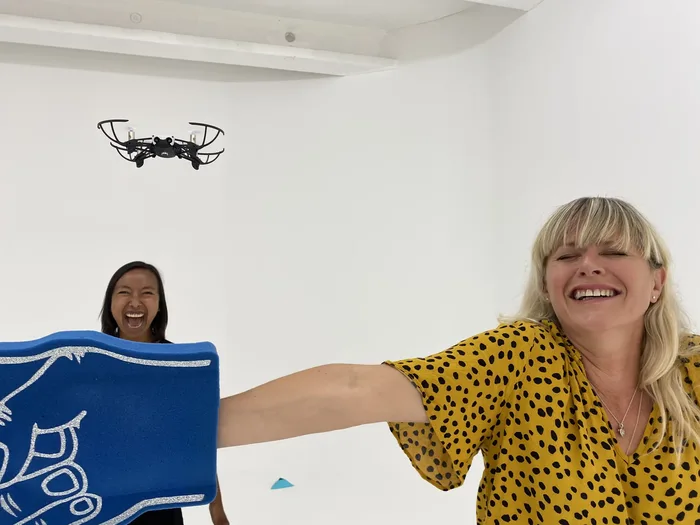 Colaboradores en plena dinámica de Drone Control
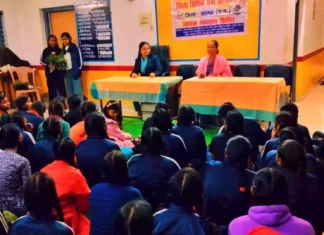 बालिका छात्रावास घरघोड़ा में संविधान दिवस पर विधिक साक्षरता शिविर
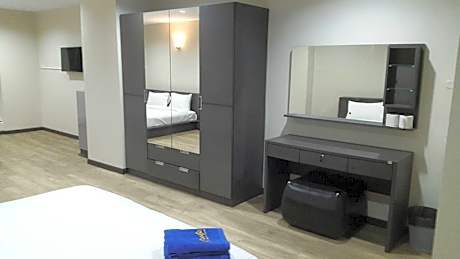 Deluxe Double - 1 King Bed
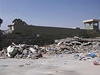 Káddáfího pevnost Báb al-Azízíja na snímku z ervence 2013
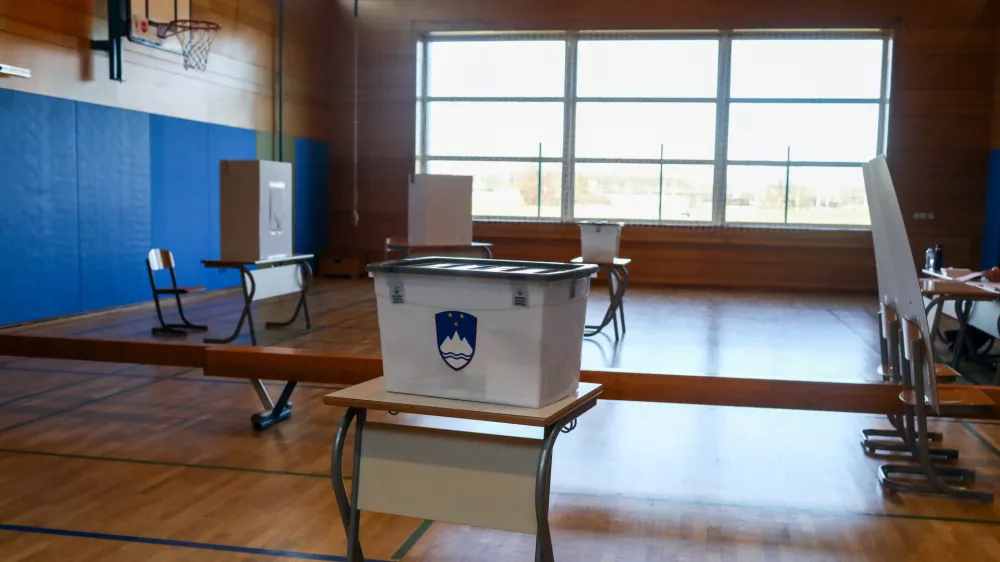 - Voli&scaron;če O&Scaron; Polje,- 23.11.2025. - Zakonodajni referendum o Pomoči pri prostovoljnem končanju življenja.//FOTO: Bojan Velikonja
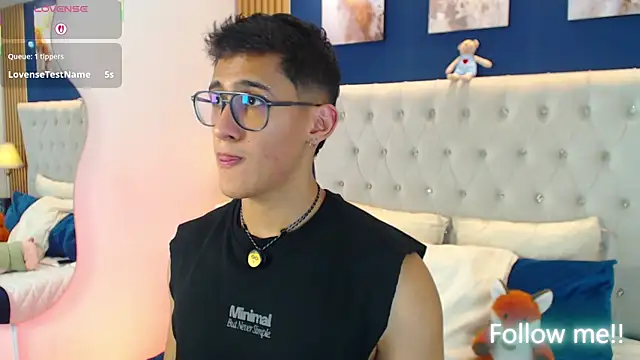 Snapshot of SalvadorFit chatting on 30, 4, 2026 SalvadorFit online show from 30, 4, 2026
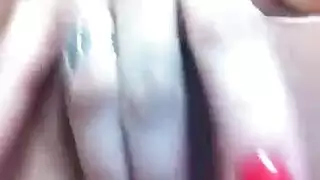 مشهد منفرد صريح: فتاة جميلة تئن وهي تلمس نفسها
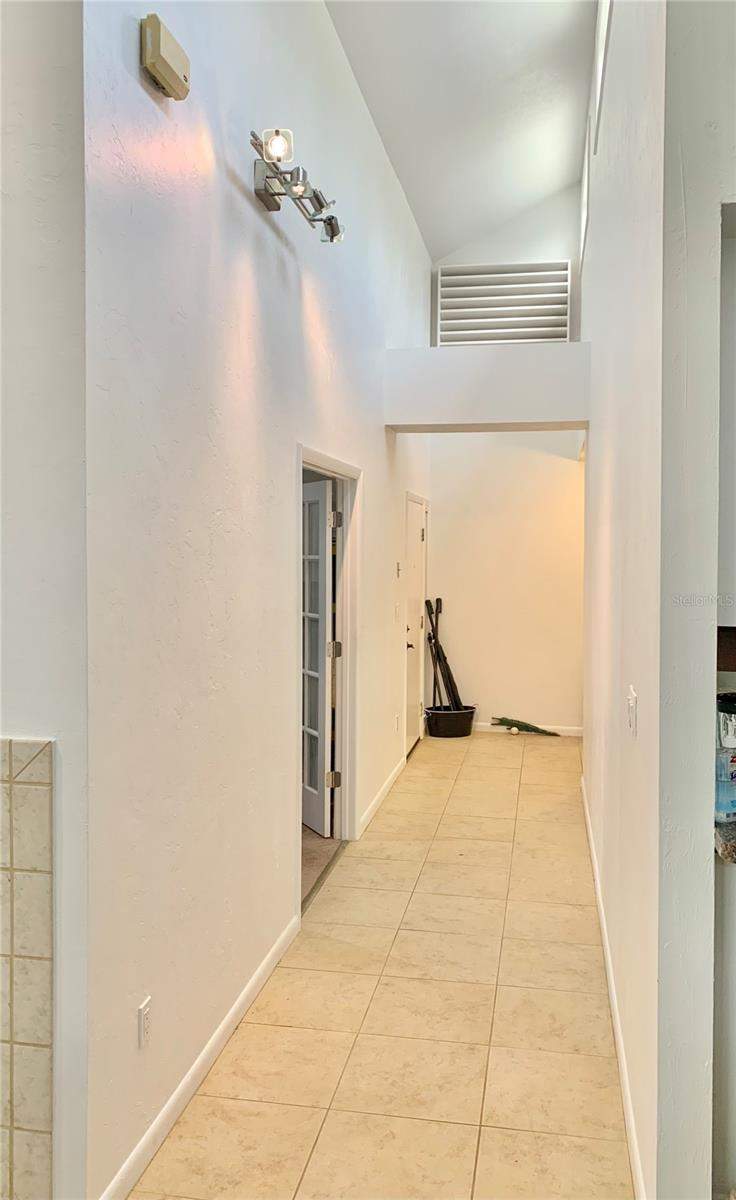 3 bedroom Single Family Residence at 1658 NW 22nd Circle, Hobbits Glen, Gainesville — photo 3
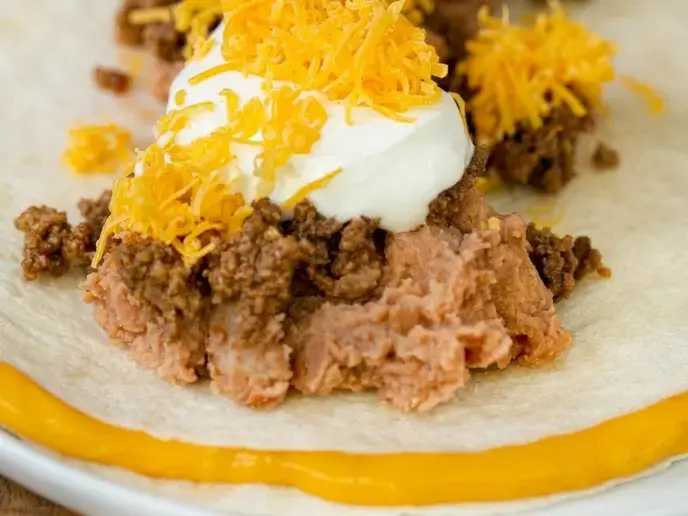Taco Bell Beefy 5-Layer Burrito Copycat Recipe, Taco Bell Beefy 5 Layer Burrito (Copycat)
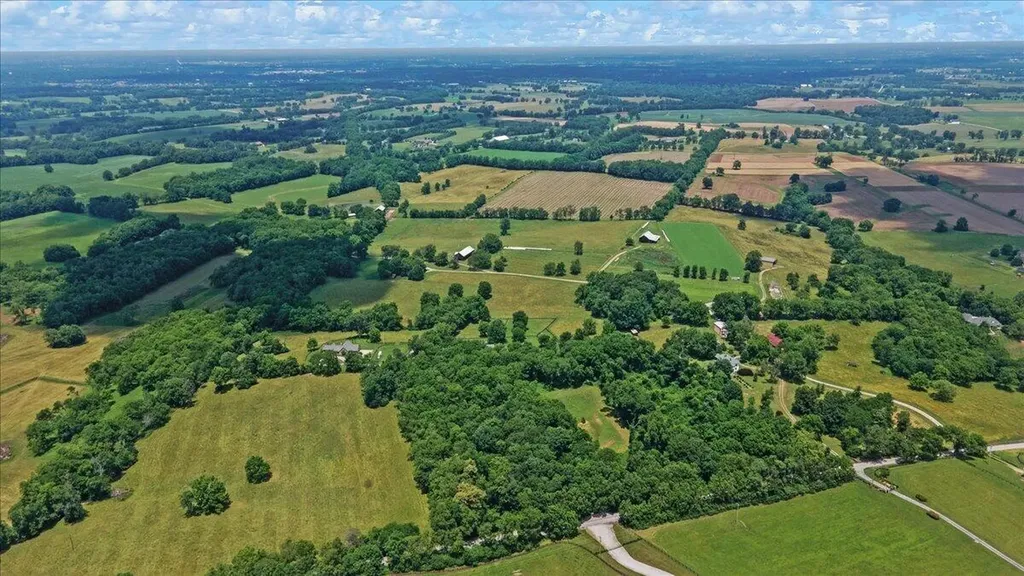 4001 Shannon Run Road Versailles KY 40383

********************

[ACTIVITY]
Line for line, restate the data above and omit every picture.

[THE ANSWER]
 Colaboradores en plena dinámica de Drone Control
 बालिका छात्रावास घरघोड़ा में संविधान दिवस पर विधिक साक्षरता शिविर
 Deluxe Double - 1 King Bed
 Káddáfího pevnost Báb al-Azízíja na snímku z ervence 2013
 - Voli&scaron;če O&Scaron; Polje,- 23.11.2025. - Zakonodajni referendum o Pomoči pri prostovoljnem končanju življenja.//FOTO: Bojan Velikonja
 Snapshot of SalvadorFit chatting on 30, 4, 2026 SalvadorFit online show from 30, 4, 2026
 مشهد منفرد صريح: فتاة جميلة تئن وهي تلمس نفسها
 3 bedroom Single Family Residence at 1658 NW 22nd Circle, Hobbits Glen, Gainesville — photo 3
Taco Bell Beefy 5-Layer Burrito Copycat Recipe, Taco Bell Beefy 5 Layer Burrito (Copycat)
 4001 Shannon Run Road Versailles KY 40383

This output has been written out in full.